Saturday, July 23, 2011

Google Doodle Honors Mobile Artist Alexander Calder


A new interactive Google doodle has appeared on Google.com, honoring artist Alexander Calder, who is known for inventing the mobile.
As you click and drag with your mouse, the various sections of the mobile move around. According to the official Google Blog, it’s the first doodle Google’s made that uses HTML5 Canvas, so its creators recommend that you use “a modern browser.”
We noticed the interactive animation works on Google‘s Chrome 12 browser, but not on Firefox 5.0 or Internet Explorer 9. We’re also seeing reports that the animation causes a crash in Firefox on Linux, so if that’s your browser, you might want to avoid this doodle. Note that others are reporting these browsers are able to display the animation. Best way to find out if yours works is to go to Google.com and try it.
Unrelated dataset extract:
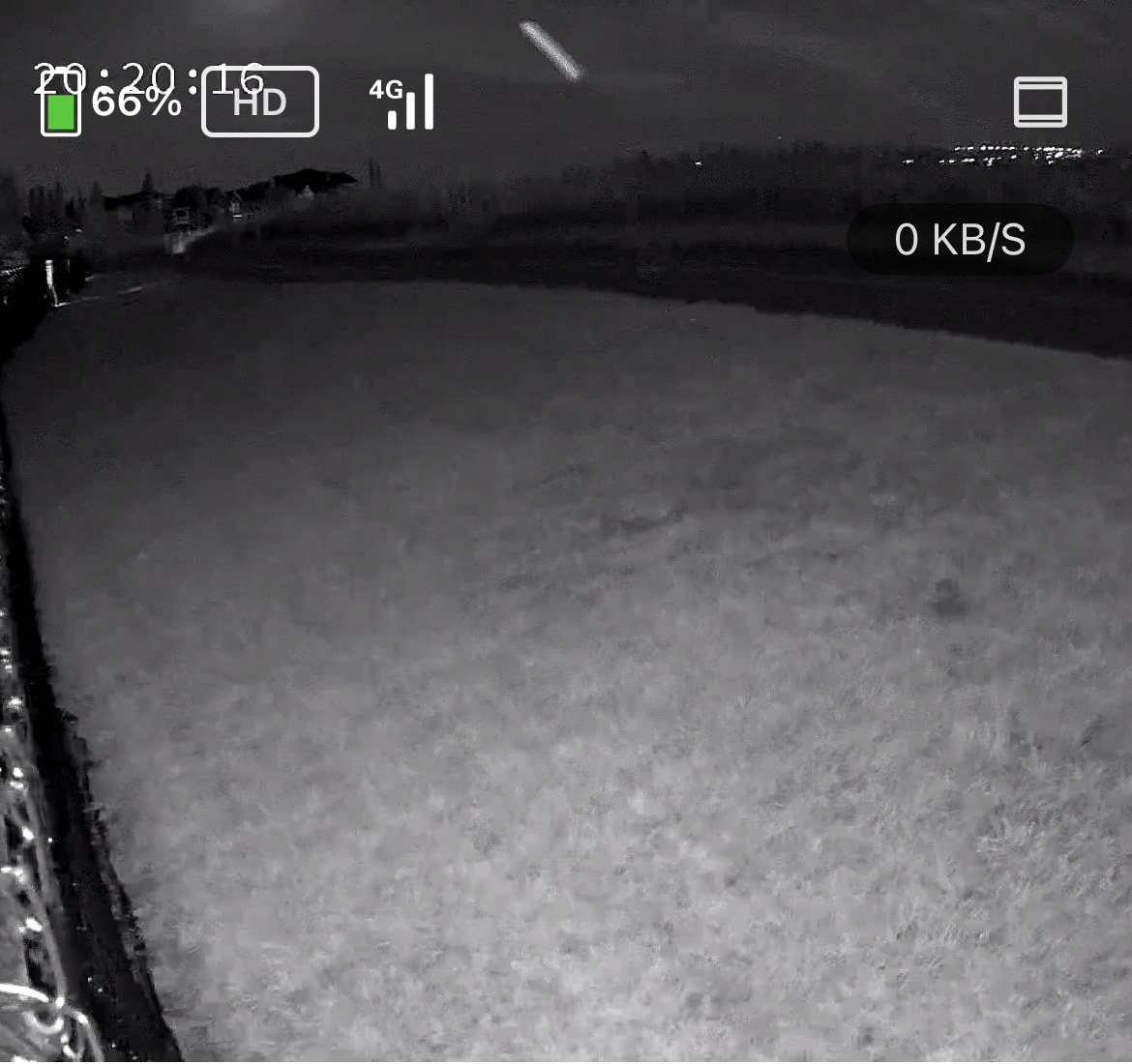 Infrared night vision footage captured mid-pan while using the camera's PTZ controls at night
According to Google software engineer Jered Wierzbicki,
“It runs a physics simulation on the mobile’s geometry, and then does realtime 3D rendering with vector graphics. Only recently have browsers advanced to the point where this is possible.”
It’s a graceful work of art that the Googlers have created here, with pieces of the mobile interacting with each other and with your cursor, just the way a mobile in the physical world would work. Notice the additional, subtle detail — the mobile’s shadow on the “floor” underneath. Brilliant.
Alexander Calder, who died in 1976, would have been 113 today.